INFORMATION PROVIDED ▸

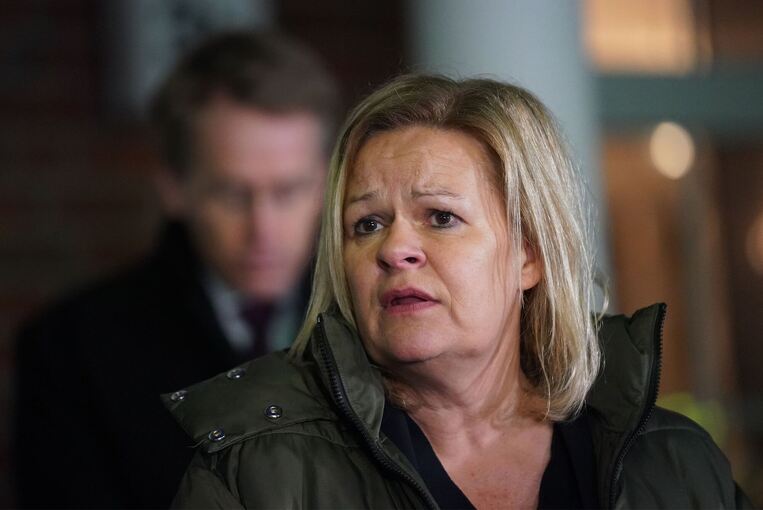 Nancy Faeser Nancy Faeser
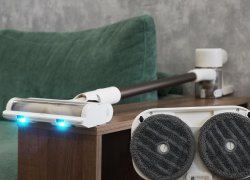 Dreame R10S Aqua: беспроводной пылесос с насадкой-полотёром и эффективной подсветкой
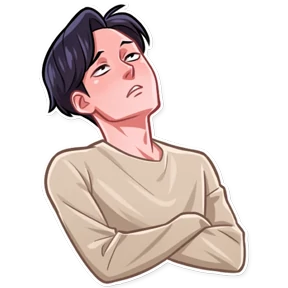 K-Pop — стикер для MAX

WORK REQUEST ▸ Set down the data exactly as it appears, without any images.

ANSWER SECTION ▸
 Nancy Faeser Nancy Faeser
 Dreame R10S Aqua: беспроводной пылесос с насадкой-полотёром и эффективной подсветкой
 K-Pop — стикер для MAX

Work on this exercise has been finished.